I know we can make a really fun app where parents and older folks can help kids learn by playing; building fact-by-fact a valuable resource at the British Library, for one. A learning child is a torrent of cognitive processing. Let a stream of that raw learning energy run through the FactMiners game at the British Library Image Collection and you'd have critical mass in a Fact Cloud faster than you can say, "Danger, Will Robinson!"
And where might this lead? Well, where this all might lead Big Picture wise is beyond the scope of this post. But I can see it leading to a new, previously unimagined game to add to the mix of social games available to FactMiners players... and it's a bit of a doozy. :-)
If the British Library creates a FactMiners Fact Cloud Companion to its Image Collection, and if that Fact Cloud becomes useful to robots (machine-learning programs) as a vision-learning resource, I can see where we would want to add a 'Seeing Eye Child' Robot Adoption Agency Game to the FactMiners game plug-ins. What would that game be like?
Well, as good as an Image Collection Fact Cloud might be to learn from, and as smart as a machine-learning program might be as a learner, a robot's learning to see isn't likely to be a fully automated process. So we create a game where one or more kids 'adopt' a robot/machine-learning program to help it learn. In this case, the FactMiners player would gain experience points, badges, etc. by being available for 'vision training' sessions with the adopted robot. The FactMiners player is, in effect, the referee and coach to the robot as it learns to see.

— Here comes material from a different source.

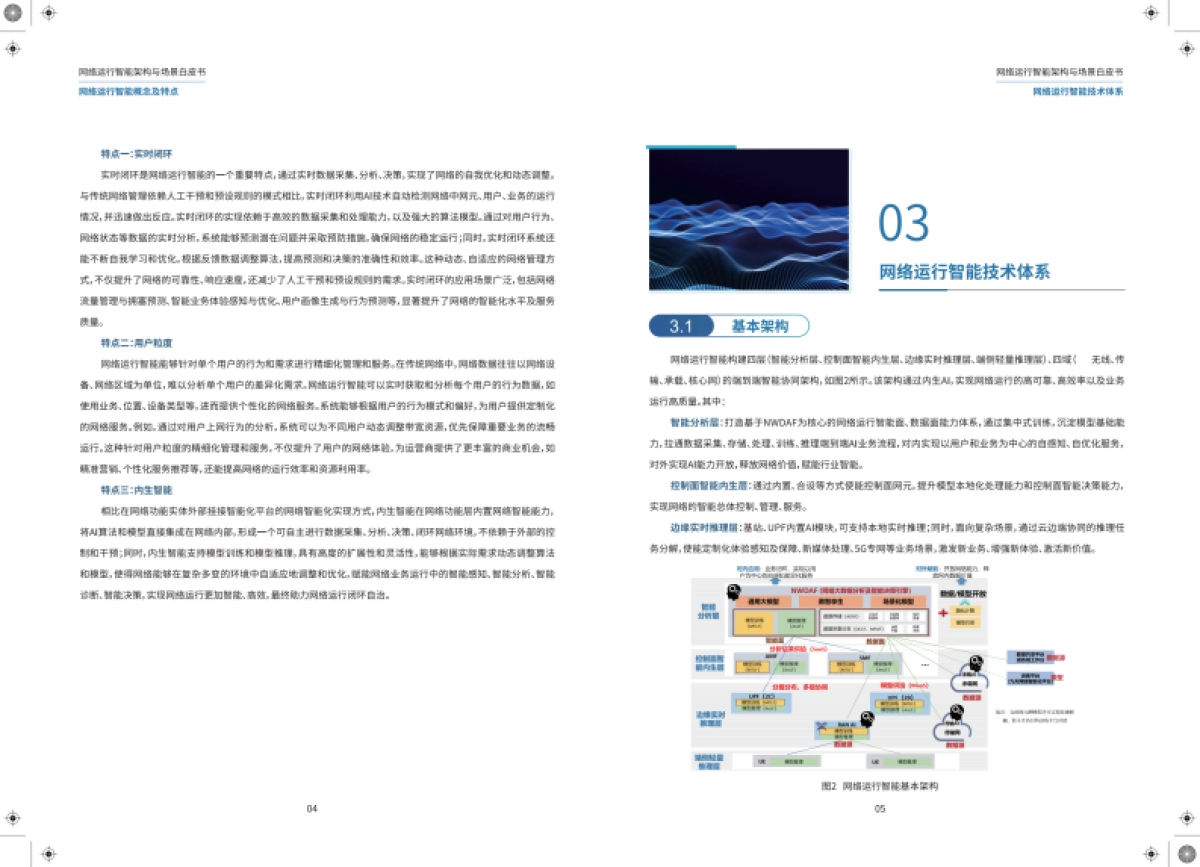 中国移动研究院：网络运行智能架构与场景白皮书（2024年）_第5页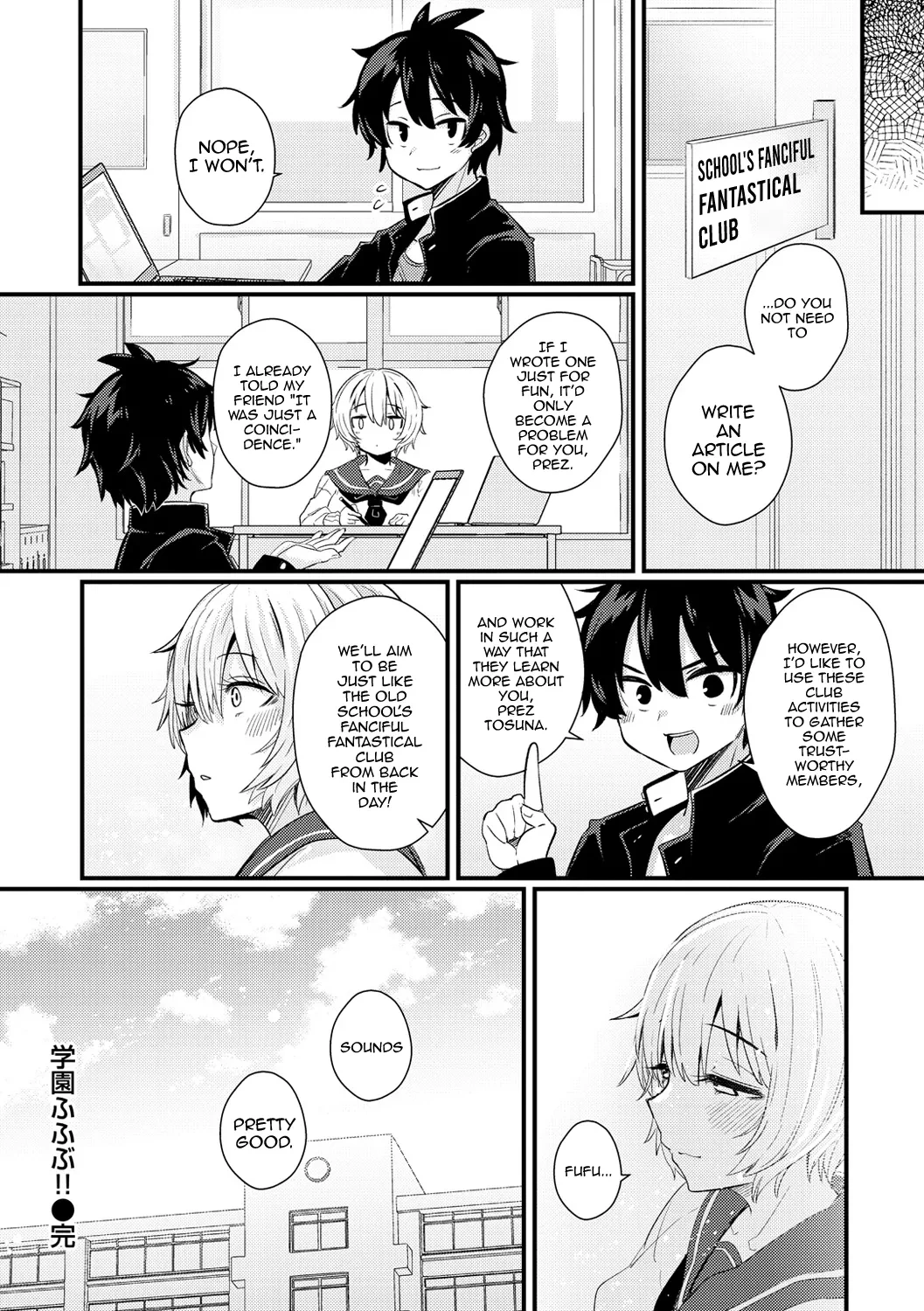 Gakuen Fufubu! image number 27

It doesn't take much imagination to see how this could lead to schools fielding teams in contests to take a 'stock' robot/machine-learning-program and train it to enter various vision recognition challenges. And when I let my imagination run with these ideas, it gets very interesting real fast. But any run, even of one's imagination, starts with a first step.
Will we get a chance to make a Fact Cloud Companion to the British Library Image Collection? I don't know. This week the British Library took a million first steps toward making their vast digital image collection available to all for free. Perhaps the first step of posting this article will lead us on a path where we will have some serious fun working with the Library to help kids who help robots learn to see and understand our world.
Cedar Rapids, Iowa USA
Update: An encouraging reply of exploratory interest from the good folks at the British Library Labs has juiced my motivation to further explore the potential for the 'Seeing Eye Child' Robot Adoption Agency as a FactMiners plug-in game.